MATERIAL FOR THE TASK: Begin

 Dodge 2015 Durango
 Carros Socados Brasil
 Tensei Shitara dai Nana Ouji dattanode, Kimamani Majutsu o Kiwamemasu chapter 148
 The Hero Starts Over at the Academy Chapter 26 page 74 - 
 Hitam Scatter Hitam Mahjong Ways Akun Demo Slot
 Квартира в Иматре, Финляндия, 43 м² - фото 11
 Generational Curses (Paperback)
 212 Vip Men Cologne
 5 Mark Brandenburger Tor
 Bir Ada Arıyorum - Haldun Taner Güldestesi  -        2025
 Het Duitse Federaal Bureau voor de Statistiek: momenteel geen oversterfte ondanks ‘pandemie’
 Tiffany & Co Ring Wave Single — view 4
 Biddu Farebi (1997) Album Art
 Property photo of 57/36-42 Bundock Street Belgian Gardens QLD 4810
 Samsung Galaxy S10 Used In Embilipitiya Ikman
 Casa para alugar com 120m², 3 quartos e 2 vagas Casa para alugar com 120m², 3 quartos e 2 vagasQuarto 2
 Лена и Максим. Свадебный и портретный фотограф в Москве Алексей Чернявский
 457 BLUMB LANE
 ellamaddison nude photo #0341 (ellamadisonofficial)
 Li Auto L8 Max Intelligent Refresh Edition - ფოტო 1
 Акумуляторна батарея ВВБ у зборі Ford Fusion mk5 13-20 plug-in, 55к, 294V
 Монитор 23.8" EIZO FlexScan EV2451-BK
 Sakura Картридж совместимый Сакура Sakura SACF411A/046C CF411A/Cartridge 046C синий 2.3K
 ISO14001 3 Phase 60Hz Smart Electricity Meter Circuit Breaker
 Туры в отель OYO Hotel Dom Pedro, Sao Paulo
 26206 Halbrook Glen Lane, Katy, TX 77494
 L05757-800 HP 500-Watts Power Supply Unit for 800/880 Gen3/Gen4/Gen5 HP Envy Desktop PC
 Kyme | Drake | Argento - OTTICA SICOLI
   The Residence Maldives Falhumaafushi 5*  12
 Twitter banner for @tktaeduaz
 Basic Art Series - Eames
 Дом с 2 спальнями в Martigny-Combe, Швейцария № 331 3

MATERIAL FOR THE TASK: End

**WHAT YOU HAVE TO DO**. From the records above, reproduce exactly the lines from the one with "Generational Curses (Paperback)" to the one with "EIZO FlexScan EV2451-BK", both included, and no others.

**EXPECTED OUTPUT**.
 Generational Curses (Paperback)
 212 Vip Men Cologne
 5 Mark Brandenburger Tor
 Bir Ada Arıyorum - Haldun Taner Güldestesi  -        2025
 Het Duitse Federaal Bureau voor de Statistiek: momenteel geen oversterfte ondanks ‘pandemie’
 Tiffany & Co Ring Wave Single — view 4
 Biddu Farebi (1997) Album Art
 Property photo of 57/36-42 Bundock Street Belgian Gardens QLD 4810
 Samsung Galaxy S10 Used In Embilipitiya Ikman
 Casa para alugar com 120m², 3 quartos e 2 vagas Casa para alugar com 120m², 3 quartos e 2 vagasQuarto 2
 Лена и Максим. Свадебный и портретный фотограф в Москве Алексей Чернявский
 457 BLUMB LANE
 ellamaddison nude photo #0341 (ellamadisonofficial)
 Li Auto L8 Max Intelligent Refresh Edition - ფოტო 1
 Акумуляторна батарея ВВБ у зборі Ford Fusion mk5 13-20 plug-in, 55к, 294V
 Монитор 23.8" EIZO FlexScan EV2451-BK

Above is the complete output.